Data:
══════════

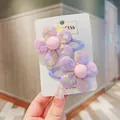 Close-up of a pair of purple mesh flower hair clips with sequins on a branded white card - Purple 2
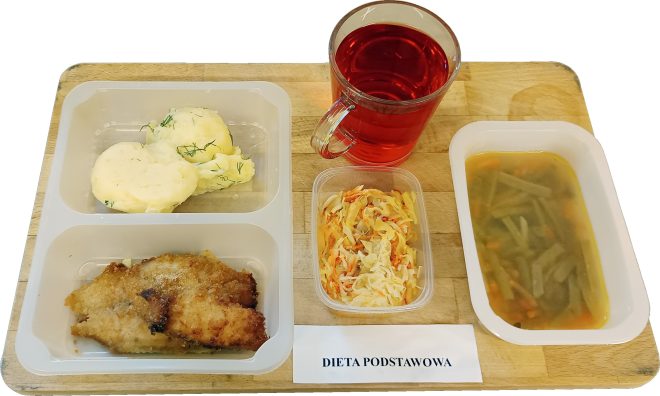 Na drewnianej tacy ustawiono zestaw obiadowy w plastikowych pojemnikach. W jednym z nich znajduje się porcja puree ziemniaczanego z koperkiem. W drugim leży panierowany kawałek mięsa. Obok stoi mały pojemnik z surówką z białej kapusty i marchewki oraz oddzielny pojemnik z zupą jarzynową. Za zestawem znajduje się szklanka czerwonego napoju. Przed posiłkiem widoczna jest etykieta z napisem „Dieta podstawowa”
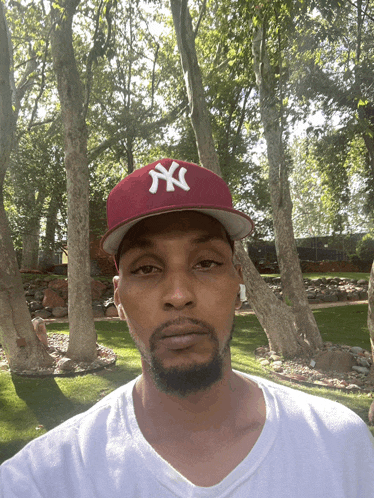 a man wearing a red ny hat and a white shirt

══════════

The full listing, reproduced exactly and without pictures, is the expected output.

 Close-up of a pair of purple mesh flower hair clips with sequins on a branded white card - Purple 2
 Na drewnianej tacy ustawiono zestaw obiadowy w plastikowych pojemnikach. W jednym z nich znajduje się porcja puree ziemniaczanego z koperkiem. W drugim leży panierowany kawałek mięsa. Obok stoi mały pojemnik z surówką z białej kapusty i marchewki oraz oddzielny pojemnik z zupą jarzynową. Za zestawem znajduje się szklanka czerwonego napoju. Przed posiłkiem widoczna jest etykieta z napisem „Dieta podstawowa”
 a man wearing a red ny hat and a white shirt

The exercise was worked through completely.